====== DATA SEGMENT

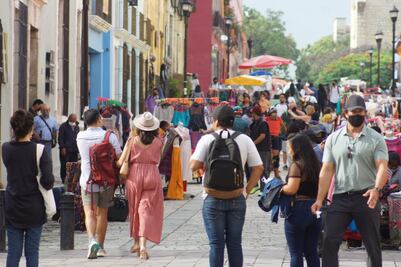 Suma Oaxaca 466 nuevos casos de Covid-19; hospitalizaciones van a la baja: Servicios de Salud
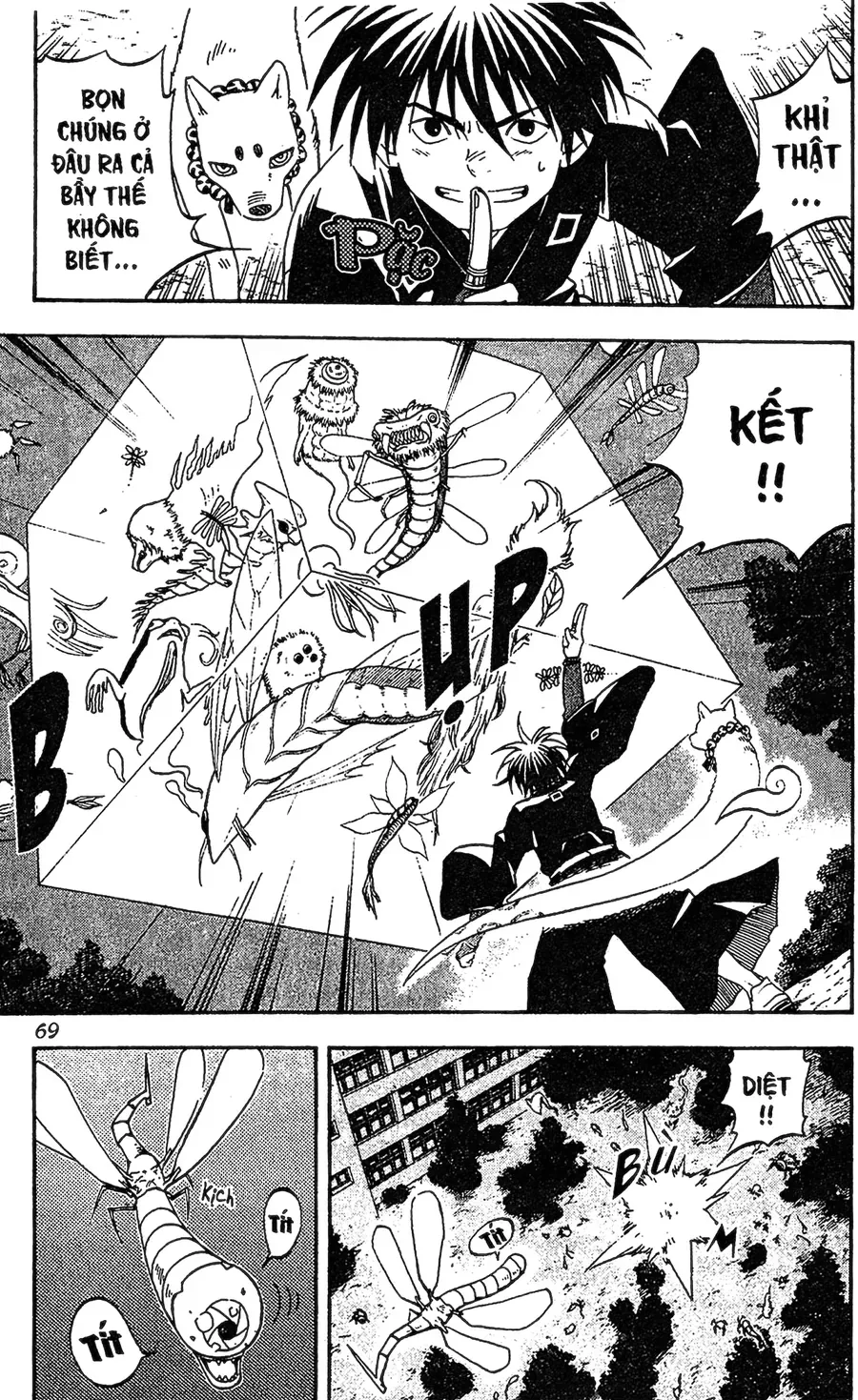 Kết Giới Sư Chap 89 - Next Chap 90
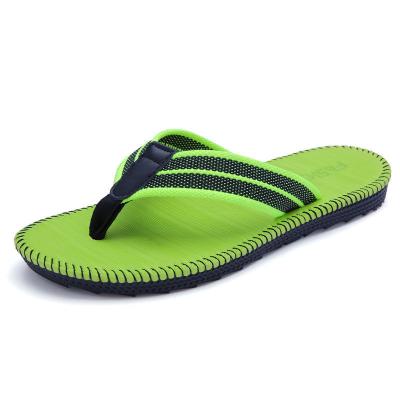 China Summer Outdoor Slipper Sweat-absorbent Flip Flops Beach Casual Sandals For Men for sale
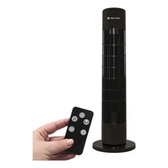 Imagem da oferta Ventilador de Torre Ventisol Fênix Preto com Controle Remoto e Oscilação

============

> **TASK STATEMENT**
The copy must start at the line containing "China Summer Outdoor" and end at the last line of the data, matching each line exactly. It must hold no pictures.

> **RESPONSE**
 China Summer Outdoor Slipper Sweat-absorbent Flip Flops Beach Casual Sandals For Men for sale
 Imagem da oferta Ventilador de Torre Ventisol Fênix Preto com Controle Remoto e Oscilação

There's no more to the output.